Die Reaktion der Hizbullah auf den Artikel war äußerst heftig. Hasan Nasrallah schiebt die Verantwortung, wie so oft, auf Israel ab. Damit versucht er, die Libanesen gegen den südlichen Nachbarstaat zu vereinen, was ihm in der Vergangenheit immer wieder gelungen ist. Derselben Absicht dürfte auch die Veröffentlichung von angeblichen Details des israelischen Rückzugs aus dem Libanon aus dem Jahr 2000 dienen. Mit diesen will die Hizbullah sicherlich auch innenpolitische Aufmerksamkeit vom „Spiegel“-Artikel ab- und auf Israel lenken.

Es gibt durchaus Ungereimtheiten hinsichtlich des Artikels. Zum einen handelt es sich um einen Exklusivartikel des „Spiegel“. Alle anderen Berichte nehmen nur auf diesen einen Artikel Bezug. Auch die Plagiatsvorwürfe hallen in diesem Zusammenhang wider. Des Weiteren wäre es kein gutes Zeichen für die Arbeit des UN-Sondertribunals, wenn durch ein Sicherheitsleck derart brisante Informationen nach außen dringen würden. Die Gerüchte besagen jedoch, dass das UN-Sondertribunal selbst mit der Preisgabe von Informationen und Erkenntnissen nicht in Verbindung steht.
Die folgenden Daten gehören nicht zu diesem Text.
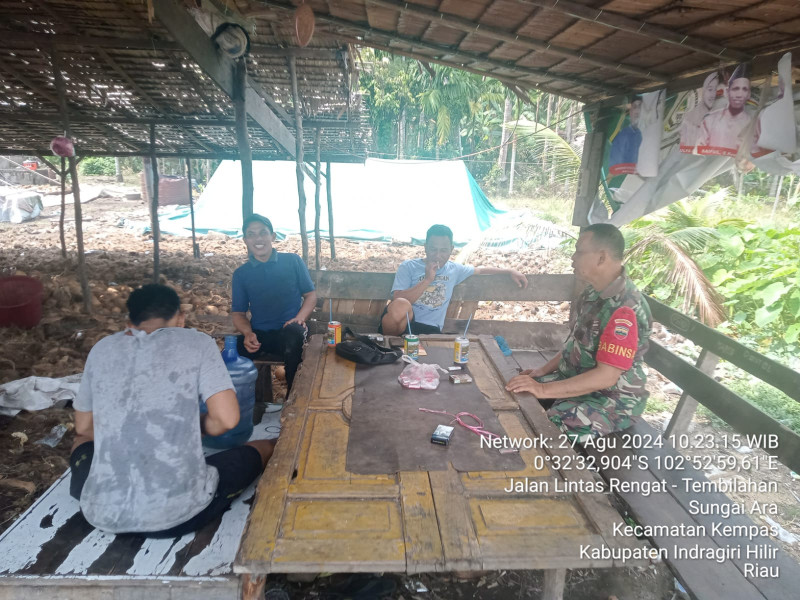 Babinsa Sungai Gantang Laksanakan Komsos Dengan Pemuda Di Wilayah Binaan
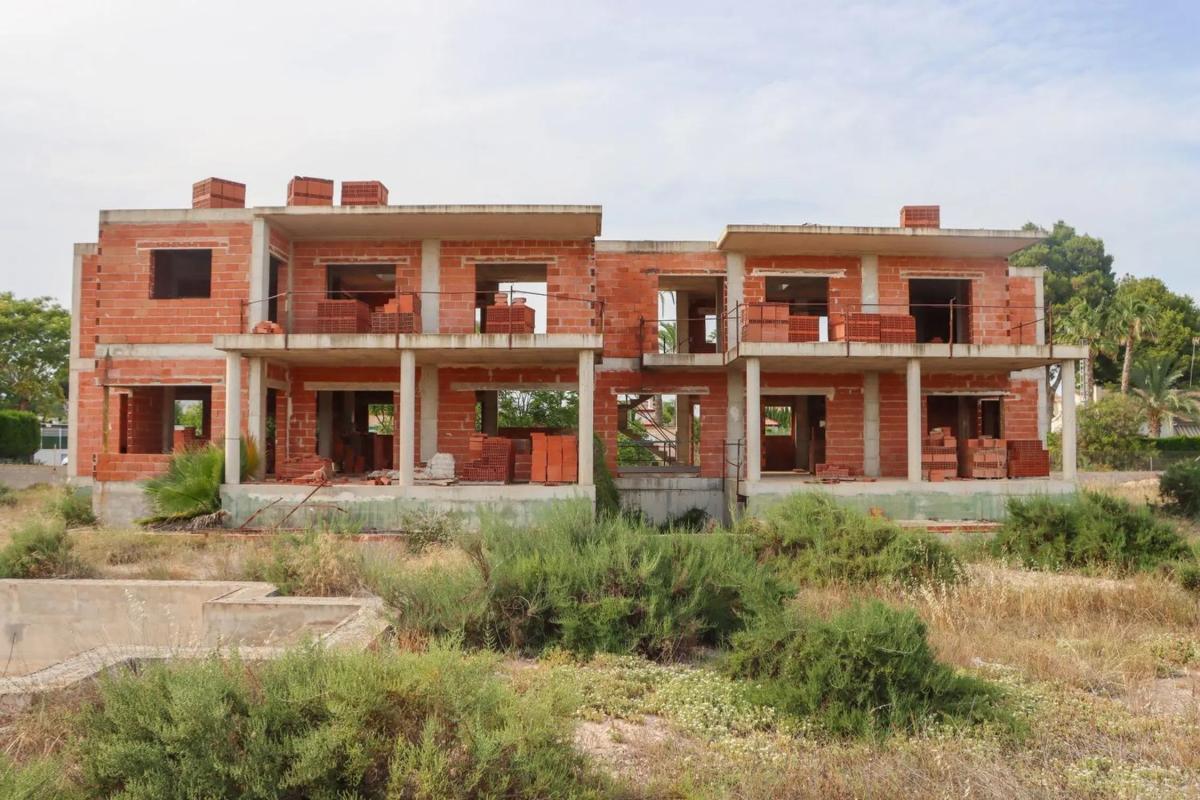 Properties for sale and rent in Spain photo 1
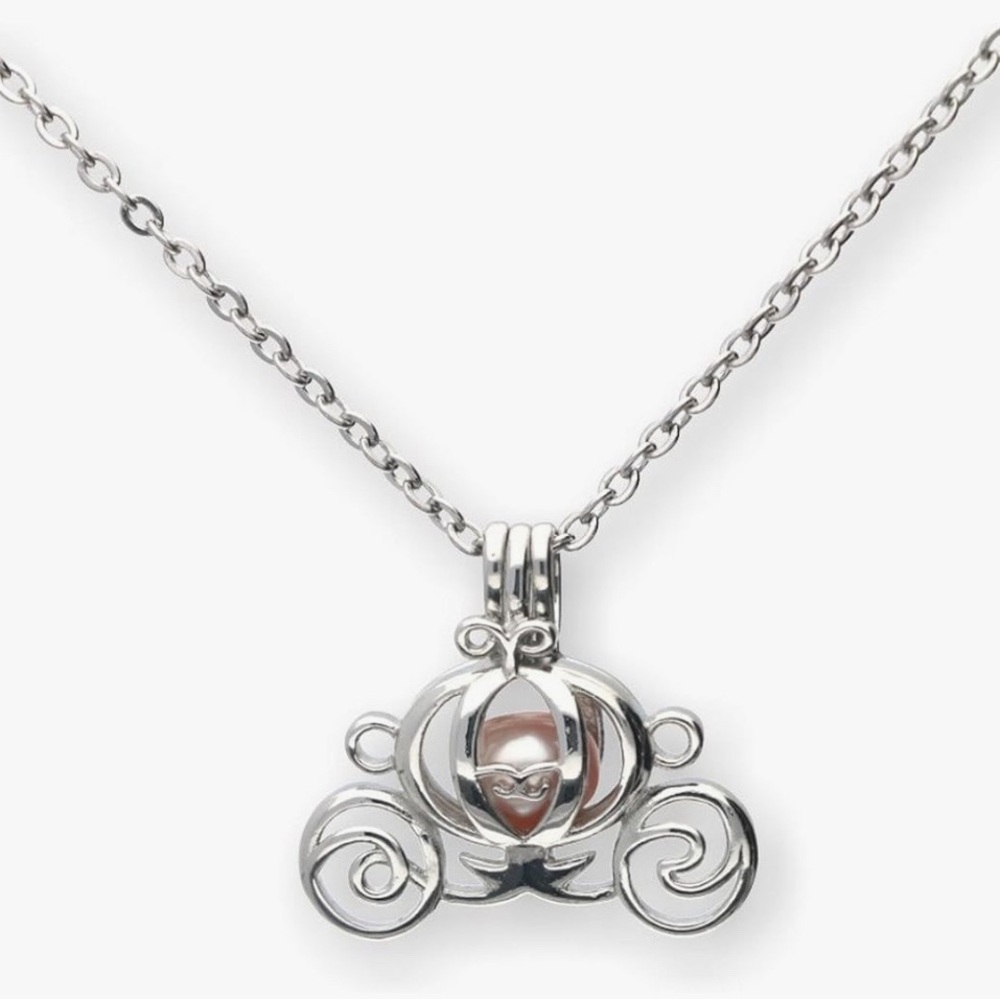 Pearlina Carriage Sterling Necklace 👑🤴👸🫅🐴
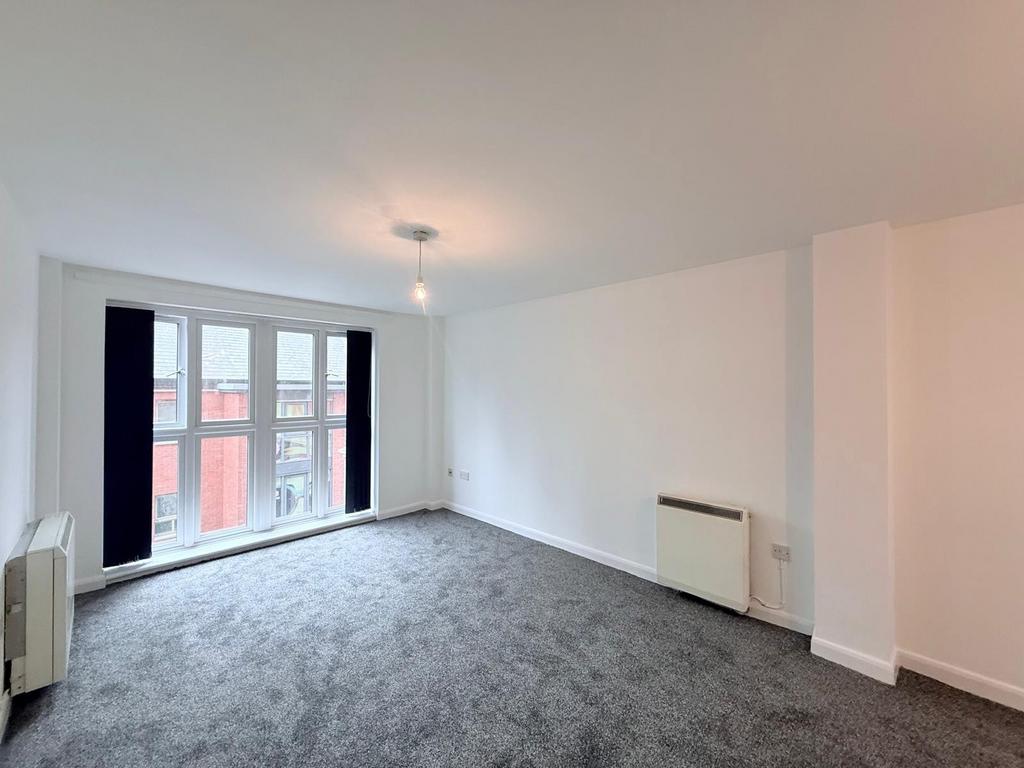Apartment in Nottingham, Lace Market, St Ann's - View 2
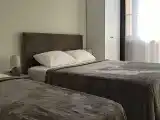 Номер улучшенный с 1 односпальной и 1 двуспальной кроватью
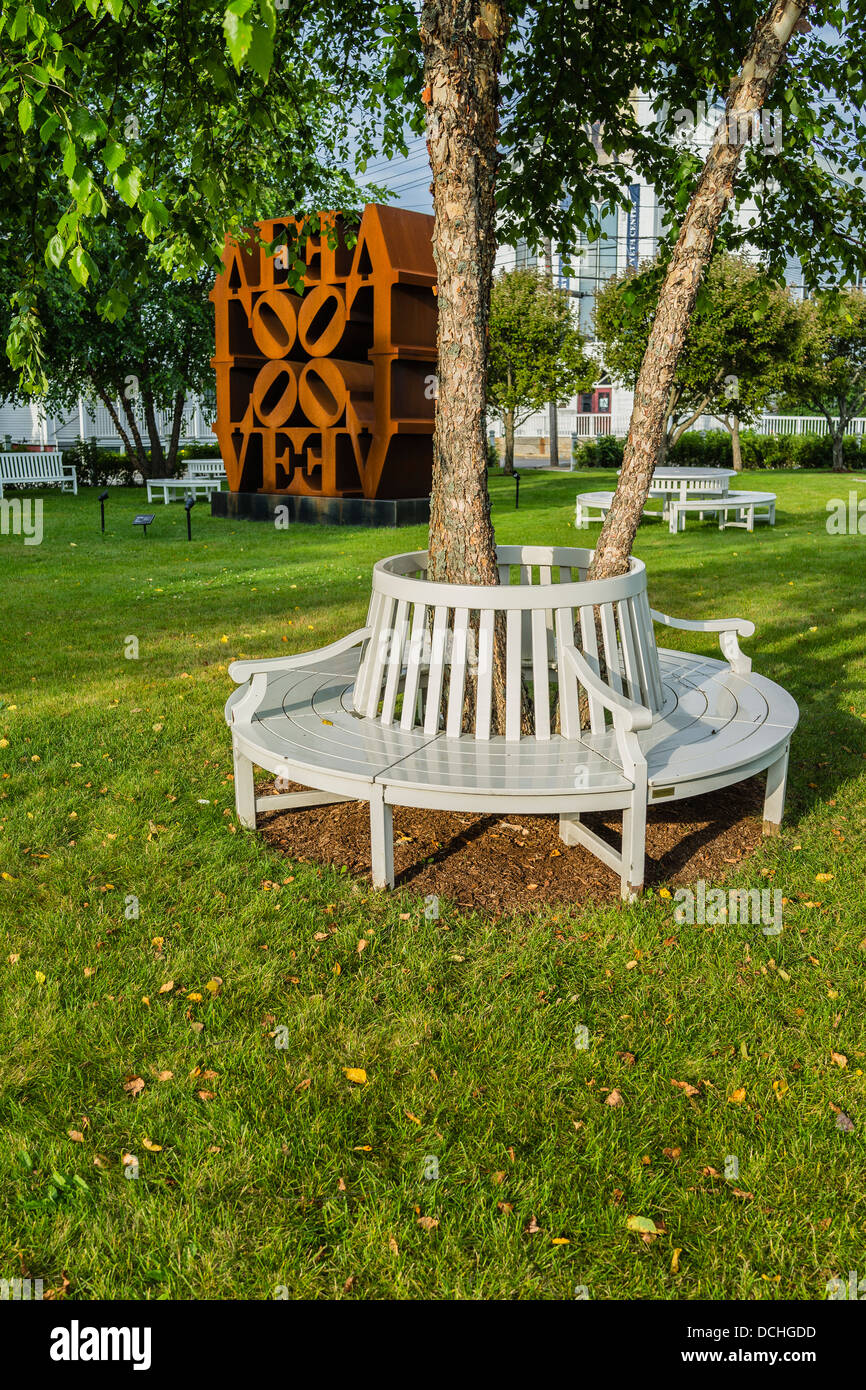 Die Liebe Wandskulptur von zeitgenössischen amerikanischen Künstler Robert Indiana auf dem Gelände das Kunstmuseum Farnsworth, Rockland, ME Stockfoto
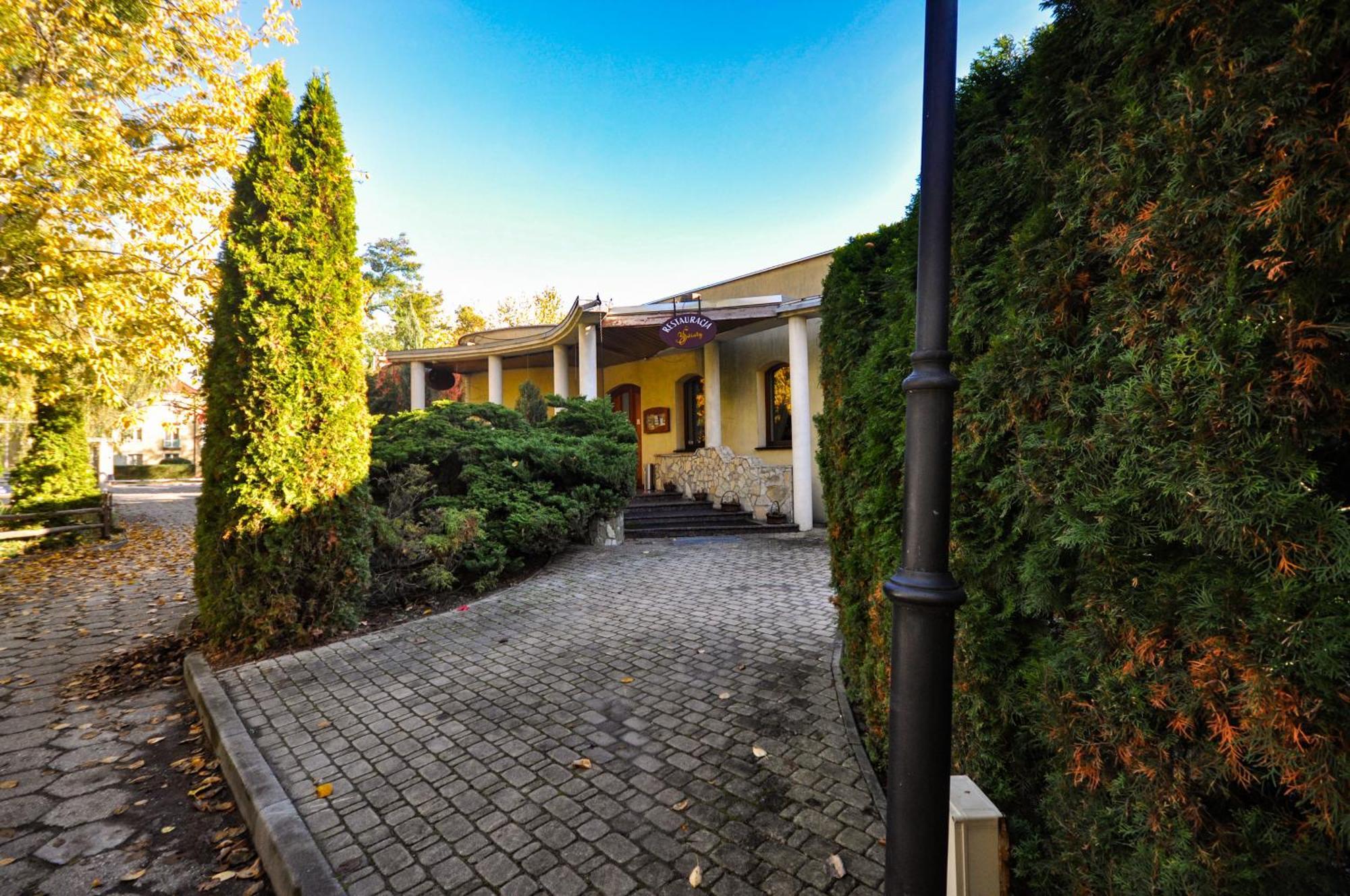 Hotel Trzy Swiaty Spa & Wellness Rajska Wyspa Гливице Экстерьер фото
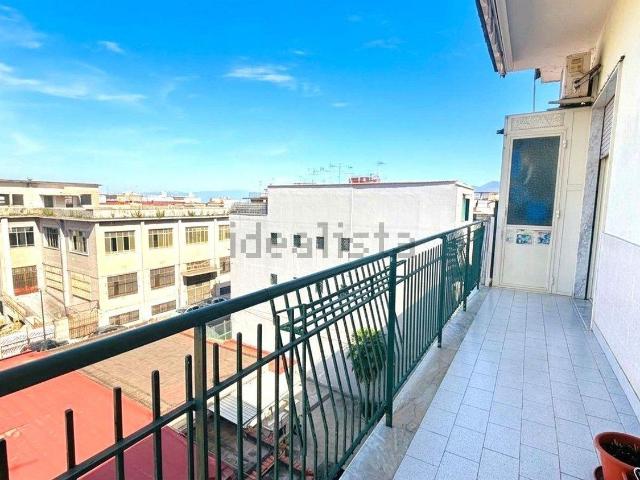 Appartamento in vendita a Piscinola, Napoli
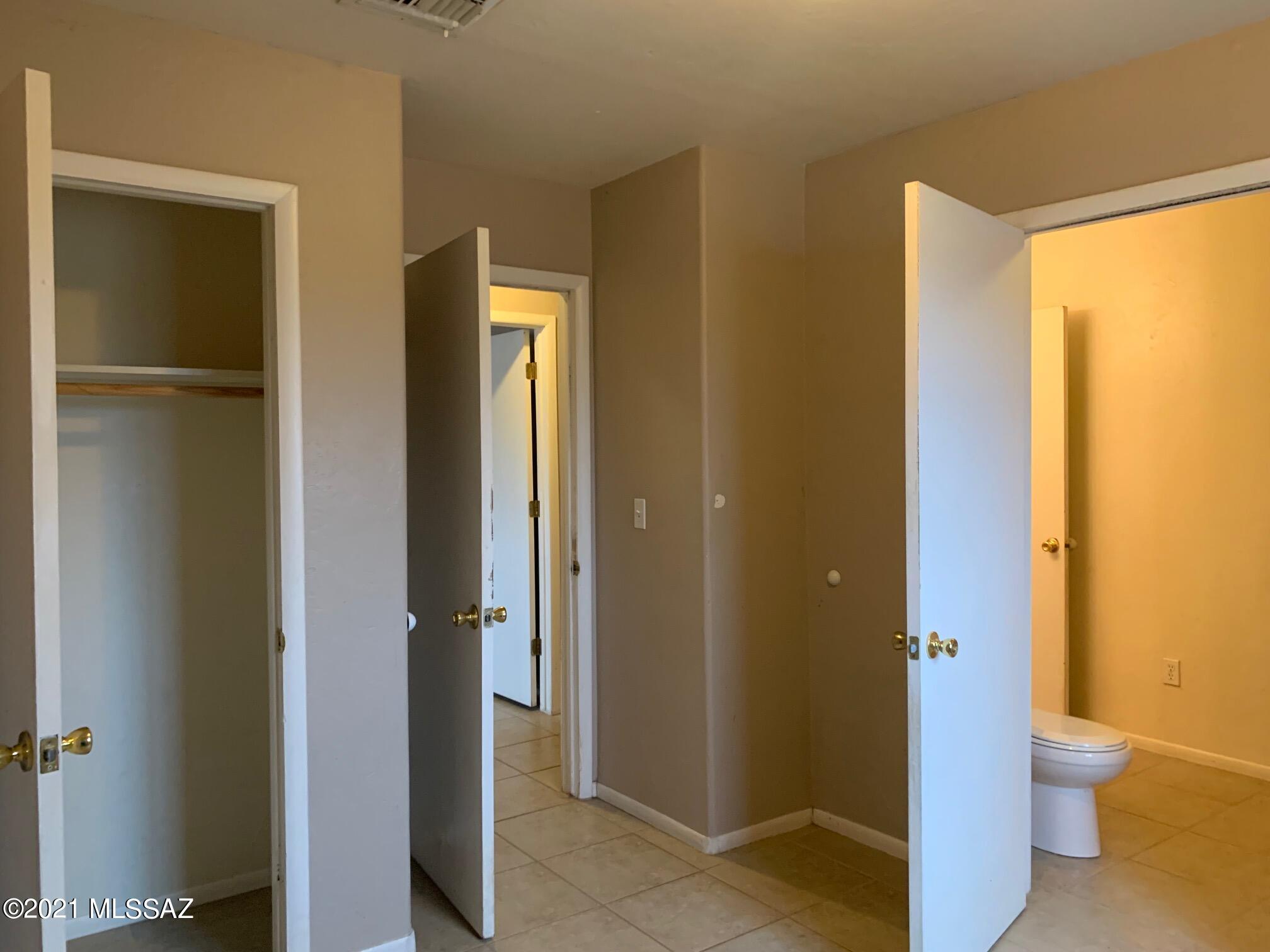Mescal Lakes - Residential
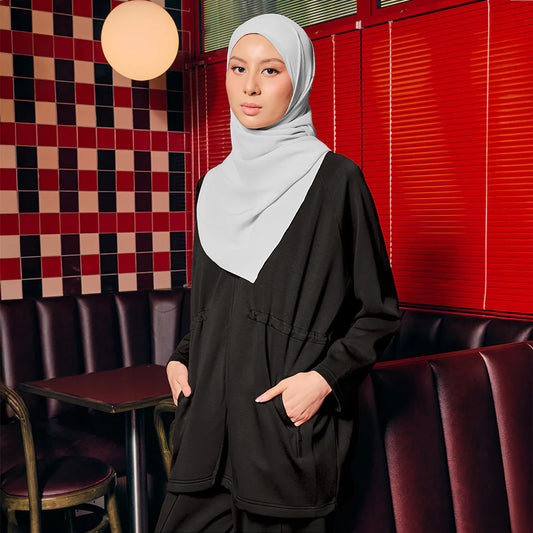 Adjustable Sweatshirt in Black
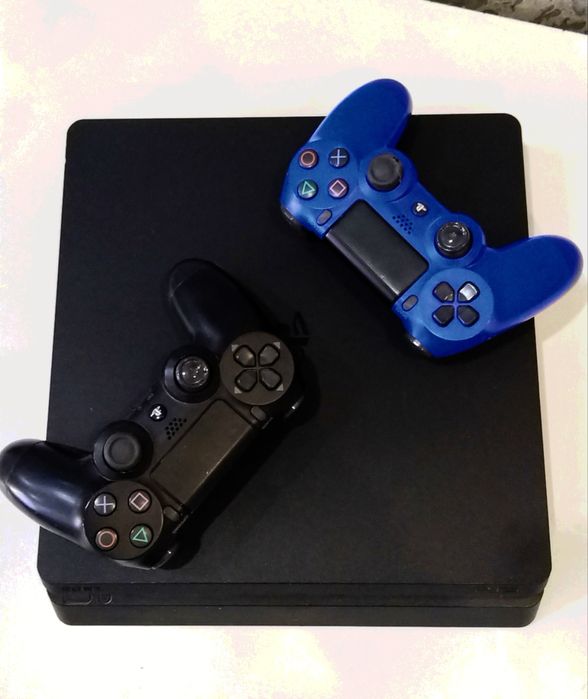 ps4 с играми и джостиками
Politiker verschiedener Parteien haben rhetorisch die schärfst möglichen Register gezogen und an den Ausbruch des Bürgerkrieges erinnert. Einerseits will man damit die Bürger warnen, ruhig zu bleiben, andererseits zeigt sich an diesen Aussagen aber auch, wie fragil die Situation im Libanon weiterhin ist und bleibt. Ein erneuter Bürgerkrieg ist im Libanon nie auszuschließen, solange bewaffnete Milizen der Hizbullah mit Zustimmung des instabilen Staates beinah frei und unkontrolliert in Teilen und Stadteilen des Landes agieren können.

Zwar scheint es eher unwahrscheinlich, dass der „Spiegel“-Artikel massive Wählerwanderungen auslöst, aber da die libanesische Wahl auf Messers Schneide steht, können auch kleine Veränderungen des Wahlverhaltens eine große Wirkung entfalten. Die nun zusätzlich durch den Artikel aufgeheizte Debatte kann den Funken auslösen, der den Libanon wieder ins politische Chaos versetzt, insbesondere wenn die Hizbullah trotz der Mord-Anschuldigungen gestärkt aus den Wahlen hervorgehen sollte.